You are viewing a plain text version of this content. The canonical link for it is here.

Posted to dev@lucene.apache.org by Michael Sokolov <ms...@gmail.com> on 2019/04/25 19:51:15 UTC

Improve performance of FST Arc traversal

I've been experimenting with a new FST encoding, and the performance
gains are exciting on FST-intensive benchmarks like for the suggesters
and for PKLookup in luceneutil. In our production system we see some
gains in regular search performance as well, although these are modest
since FST lookup is not a major component of our costs there. The
gains vary a lot depending on the workload and the makeup of the terms
encoded in the FST, but for example I've seen as much as a 2x speedup
in Fuzzy Suggester performance. I'd like to open an issue to discuss
further, and share a PR, but here's a quick summary of what the
proposed change is:

FST is basically a graph composed of Arcs. Today, outgoing Arcs of a
given Arc can be encoded in two ways: either as a list of
variable-length-encoded Arcs, or as an array of fixed-length-encoded
Arcs. When seeking in the FST (eg looking up a term), one matches
successive characters against the Arc labels in the graph. If Arcs are
encoded in the list format, we scan each item in the list to find a
matching label, terminating early since they are ordered (by label).
When Arcs are in the array format, we use a binary search to find an
Arc with a matching label. The array format is used when there are a
relatively larger number of Arcs, and more so nearer the start of FST
graph.The new "direct array" encoding stores outgoing Arcs in a
full-sized array big enough to cover the complete span of outgoing
labels, so we can address directly by label and avoid the binary
search. Generally such an array will have some gaps, so this
fundamentally offers a space/time tradeoff.

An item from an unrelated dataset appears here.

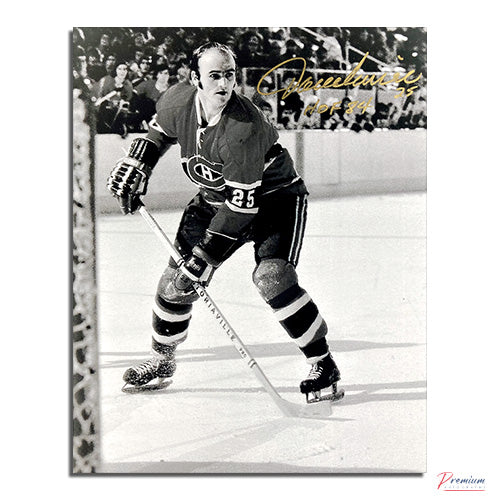 Jacques Lemaire Montreal Canadiens Signed 8x10 Photograph In the Slot B&W w/ HOF 84 Inscription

Unless there is some strenuous objection (FST must not be touched!),
I'll open an issue soon and post a patch for comments.

-Mike

---------------------------------------------------------------------
To unsubscribe, e-mail: dev-unsubscribe@lucene.apache.org
For additional commands, e-mail: dev-help@lucene.apache.org

Re: Improve performance of FST Arc traversal

Posted by Michael Sokolov <ms...@gmail.com>.

Yes I think so too. Apparently this can be a ram hog if you have zillions
of fields?

 I plan to post an issue with more details over the weekend when I will
have the time to write up the results I saw.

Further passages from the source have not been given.